REQUIRED WORK: Having found the line containing "Колоссальный крах здравого" in the data below, reproduce that line and each one after it to the end, exactly, and include nothing else.

[Crawled caption data]
※

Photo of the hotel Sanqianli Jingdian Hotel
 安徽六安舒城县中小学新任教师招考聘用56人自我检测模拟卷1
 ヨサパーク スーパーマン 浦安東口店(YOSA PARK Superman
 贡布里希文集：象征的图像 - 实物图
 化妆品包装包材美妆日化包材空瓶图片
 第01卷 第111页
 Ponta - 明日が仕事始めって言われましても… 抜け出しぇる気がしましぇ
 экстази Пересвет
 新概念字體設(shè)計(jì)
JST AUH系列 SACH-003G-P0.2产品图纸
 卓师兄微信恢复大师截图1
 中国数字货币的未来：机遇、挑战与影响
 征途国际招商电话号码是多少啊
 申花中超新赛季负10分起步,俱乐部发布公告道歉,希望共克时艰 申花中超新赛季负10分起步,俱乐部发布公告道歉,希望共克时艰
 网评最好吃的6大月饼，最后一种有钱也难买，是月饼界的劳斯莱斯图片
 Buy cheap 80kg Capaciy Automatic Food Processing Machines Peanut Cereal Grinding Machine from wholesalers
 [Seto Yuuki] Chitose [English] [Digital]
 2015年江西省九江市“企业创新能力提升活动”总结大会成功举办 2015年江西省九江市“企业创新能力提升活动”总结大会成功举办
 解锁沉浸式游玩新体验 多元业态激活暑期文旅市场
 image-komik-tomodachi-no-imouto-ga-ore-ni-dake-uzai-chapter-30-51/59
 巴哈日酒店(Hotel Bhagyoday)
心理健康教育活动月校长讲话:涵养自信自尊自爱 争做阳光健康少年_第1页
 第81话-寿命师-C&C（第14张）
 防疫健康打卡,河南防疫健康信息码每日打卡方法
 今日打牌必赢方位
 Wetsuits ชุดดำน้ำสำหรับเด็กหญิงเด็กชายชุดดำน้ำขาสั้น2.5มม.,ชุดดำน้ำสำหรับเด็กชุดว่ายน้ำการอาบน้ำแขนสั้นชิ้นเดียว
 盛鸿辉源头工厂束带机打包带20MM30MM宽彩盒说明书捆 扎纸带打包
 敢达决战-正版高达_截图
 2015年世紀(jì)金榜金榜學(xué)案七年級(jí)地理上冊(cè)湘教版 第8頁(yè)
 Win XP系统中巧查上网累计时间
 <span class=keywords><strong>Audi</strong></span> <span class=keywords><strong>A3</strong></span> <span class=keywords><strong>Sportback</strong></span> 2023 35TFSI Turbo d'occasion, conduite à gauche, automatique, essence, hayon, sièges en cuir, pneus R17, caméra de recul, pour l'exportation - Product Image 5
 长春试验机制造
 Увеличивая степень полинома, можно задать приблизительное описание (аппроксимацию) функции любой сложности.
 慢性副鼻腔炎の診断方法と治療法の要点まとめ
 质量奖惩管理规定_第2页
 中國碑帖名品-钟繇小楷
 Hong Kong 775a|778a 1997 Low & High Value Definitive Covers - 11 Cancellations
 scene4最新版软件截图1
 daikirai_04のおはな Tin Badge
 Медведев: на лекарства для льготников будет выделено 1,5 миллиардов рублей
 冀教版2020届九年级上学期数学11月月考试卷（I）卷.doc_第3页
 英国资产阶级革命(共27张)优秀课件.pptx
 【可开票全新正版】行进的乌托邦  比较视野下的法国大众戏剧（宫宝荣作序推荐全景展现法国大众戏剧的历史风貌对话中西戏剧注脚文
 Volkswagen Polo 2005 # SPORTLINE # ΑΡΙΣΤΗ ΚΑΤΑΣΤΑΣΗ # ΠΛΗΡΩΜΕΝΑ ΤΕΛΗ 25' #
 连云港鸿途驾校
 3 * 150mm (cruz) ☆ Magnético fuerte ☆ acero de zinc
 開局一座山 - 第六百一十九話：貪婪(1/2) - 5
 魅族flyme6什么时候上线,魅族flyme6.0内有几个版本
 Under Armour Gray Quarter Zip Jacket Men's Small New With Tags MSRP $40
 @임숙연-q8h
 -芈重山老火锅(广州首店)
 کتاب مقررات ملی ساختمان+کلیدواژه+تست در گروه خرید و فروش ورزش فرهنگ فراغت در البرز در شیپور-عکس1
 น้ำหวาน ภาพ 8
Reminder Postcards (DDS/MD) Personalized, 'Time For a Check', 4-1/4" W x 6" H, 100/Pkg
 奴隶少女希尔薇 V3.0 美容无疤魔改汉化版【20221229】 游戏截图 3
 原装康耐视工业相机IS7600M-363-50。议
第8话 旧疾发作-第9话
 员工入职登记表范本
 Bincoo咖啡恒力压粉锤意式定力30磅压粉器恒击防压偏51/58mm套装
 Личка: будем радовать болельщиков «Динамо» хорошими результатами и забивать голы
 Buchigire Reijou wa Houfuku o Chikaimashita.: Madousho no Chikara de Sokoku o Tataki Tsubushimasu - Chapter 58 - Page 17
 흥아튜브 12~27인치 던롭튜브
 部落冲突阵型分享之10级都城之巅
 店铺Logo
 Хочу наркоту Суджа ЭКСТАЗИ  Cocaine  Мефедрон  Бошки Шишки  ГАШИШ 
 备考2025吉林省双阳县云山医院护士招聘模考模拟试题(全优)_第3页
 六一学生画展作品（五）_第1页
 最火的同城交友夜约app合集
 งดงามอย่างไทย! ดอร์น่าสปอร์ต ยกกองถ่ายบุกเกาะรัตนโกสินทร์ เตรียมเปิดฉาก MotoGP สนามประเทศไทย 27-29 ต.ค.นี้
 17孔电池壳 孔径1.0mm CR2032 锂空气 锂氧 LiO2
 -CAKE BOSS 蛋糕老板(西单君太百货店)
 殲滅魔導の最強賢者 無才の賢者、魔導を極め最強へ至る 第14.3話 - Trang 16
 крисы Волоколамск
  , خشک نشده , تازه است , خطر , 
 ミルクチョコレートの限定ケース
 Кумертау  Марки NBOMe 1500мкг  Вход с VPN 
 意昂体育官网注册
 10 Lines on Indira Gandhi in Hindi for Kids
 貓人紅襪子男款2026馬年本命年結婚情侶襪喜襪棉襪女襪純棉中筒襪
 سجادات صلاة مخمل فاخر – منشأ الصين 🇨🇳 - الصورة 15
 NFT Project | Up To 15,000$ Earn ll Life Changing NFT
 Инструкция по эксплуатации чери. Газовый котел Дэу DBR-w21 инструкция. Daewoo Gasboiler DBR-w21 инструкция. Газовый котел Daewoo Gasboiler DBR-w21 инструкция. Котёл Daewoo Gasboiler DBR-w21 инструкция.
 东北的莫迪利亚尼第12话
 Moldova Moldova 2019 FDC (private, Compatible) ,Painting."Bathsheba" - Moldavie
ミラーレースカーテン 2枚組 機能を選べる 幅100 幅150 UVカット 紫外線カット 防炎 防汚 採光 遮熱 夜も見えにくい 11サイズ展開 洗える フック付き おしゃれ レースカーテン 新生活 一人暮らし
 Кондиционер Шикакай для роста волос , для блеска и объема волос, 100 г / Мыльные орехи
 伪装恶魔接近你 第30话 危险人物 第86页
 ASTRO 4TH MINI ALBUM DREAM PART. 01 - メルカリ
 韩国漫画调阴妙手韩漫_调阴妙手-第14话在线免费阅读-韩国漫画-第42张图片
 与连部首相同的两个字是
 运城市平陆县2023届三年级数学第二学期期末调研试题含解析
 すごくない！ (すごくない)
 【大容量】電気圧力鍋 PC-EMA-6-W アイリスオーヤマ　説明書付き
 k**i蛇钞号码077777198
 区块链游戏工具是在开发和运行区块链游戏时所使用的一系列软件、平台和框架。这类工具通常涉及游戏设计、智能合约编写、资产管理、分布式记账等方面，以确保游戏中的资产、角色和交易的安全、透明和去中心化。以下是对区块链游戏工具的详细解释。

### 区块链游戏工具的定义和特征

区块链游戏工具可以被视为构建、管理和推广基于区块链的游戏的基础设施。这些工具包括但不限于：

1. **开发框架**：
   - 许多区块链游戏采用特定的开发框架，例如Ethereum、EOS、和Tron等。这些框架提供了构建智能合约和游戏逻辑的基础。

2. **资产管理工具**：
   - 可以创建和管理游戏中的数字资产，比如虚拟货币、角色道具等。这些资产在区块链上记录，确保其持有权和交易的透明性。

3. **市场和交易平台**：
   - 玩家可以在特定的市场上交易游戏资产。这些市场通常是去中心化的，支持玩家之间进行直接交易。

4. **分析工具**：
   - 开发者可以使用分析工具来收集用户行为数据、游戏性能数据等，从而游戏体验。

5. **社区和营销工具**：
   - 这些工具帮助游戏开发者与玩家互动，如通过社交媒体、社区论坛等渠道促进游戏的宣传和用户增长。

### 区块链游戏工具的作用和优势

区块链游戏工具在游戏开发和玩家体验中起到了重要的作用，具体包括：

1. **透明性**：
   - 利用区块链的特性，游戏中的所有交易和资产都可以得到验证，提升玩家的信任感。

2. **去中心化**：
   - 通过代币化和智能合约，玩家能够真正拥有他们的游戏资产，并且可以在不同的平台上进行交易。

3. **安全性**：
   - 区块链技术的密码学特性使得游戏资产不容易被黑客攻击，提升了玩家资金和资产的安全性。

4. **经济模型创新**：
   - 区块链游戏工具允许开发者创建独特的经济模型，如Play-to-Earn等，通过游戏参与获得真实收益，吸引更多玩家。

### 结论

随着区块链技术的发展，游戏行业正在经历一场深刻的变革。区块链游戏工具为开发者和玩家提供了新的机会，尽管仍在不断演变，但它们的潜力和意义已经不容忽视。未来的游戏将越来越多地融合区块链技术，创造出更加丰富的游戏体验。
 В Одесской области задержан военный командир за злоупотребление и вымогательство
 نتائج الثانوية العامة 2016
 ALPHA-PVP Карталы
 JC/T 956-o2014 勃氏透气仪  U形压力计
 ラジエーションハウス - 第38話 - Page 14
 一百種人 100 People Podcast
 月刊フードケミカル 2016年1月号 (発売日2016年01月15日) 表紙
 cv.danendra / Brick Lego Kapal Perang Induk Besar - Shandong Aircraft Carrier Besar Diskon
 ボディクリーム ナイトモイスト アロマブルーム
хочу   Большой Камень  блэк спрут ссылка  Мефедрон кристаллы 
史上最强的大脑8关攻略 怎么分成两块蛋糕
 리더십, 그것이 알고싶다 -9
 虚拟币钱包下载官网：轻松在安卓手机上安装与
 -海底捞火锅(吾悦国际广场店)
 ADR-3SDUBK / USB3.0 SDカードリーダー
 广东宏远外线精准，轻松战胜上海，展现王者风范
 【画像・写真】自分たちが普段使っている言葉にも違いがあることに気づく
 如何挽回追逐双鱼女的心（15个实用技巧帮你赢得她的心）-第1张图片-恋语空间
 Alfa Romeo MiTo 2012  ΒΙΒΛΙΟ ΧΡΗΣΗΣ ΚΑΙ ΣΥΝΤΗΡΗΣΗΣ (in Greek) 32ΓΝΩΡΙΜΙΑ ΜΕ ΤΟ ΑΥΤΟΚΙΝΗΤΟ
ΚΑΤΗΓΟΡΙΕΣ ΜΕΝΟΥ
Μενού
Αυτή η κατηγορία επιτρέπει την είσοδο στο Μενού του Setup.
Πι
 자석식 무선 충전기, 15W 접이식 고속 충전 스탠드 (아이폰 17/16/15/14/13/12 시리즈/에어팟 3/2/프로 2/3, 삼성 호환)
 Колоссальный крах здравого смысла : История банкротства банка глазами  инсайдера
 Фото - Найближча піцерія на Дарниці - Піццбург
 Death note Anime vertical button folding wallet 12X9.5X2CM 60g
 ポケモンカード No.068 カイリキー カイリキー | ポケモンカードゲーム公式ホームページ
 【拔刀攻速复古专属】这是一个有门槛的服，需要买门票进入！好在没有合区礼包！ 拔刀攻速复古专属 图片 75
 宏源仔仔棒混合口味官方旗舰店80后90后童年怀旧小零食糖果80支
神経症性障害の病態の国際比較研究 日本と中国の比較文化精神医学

※

RESPONSE FOR THIS EXERCISE:
 Колоссальный крах здравого смысла : История банкротства банка глазами  инсайдера
 Фото - Найближча піцерія на Дарниці - Піццбург
 Death note Anime vertical button folding wallet 12X9.5X2CM 60g
 ポケモンカード No.068 カイリキー カイリキー | ポケモンカードゲーム公式ホームページ
 【拔刀攻速复古专属】这是一个有门槛的服，需要买门票进入！好在没有合区礼包！ 拔刀攻速复古专属 图片 75
 宏源仔仔棒混合口味官方旗舰店80后90后童年怀旧小零食糖果80支
神経症性障害の病態の国際比較研究 日本と中国の比較文化精神医学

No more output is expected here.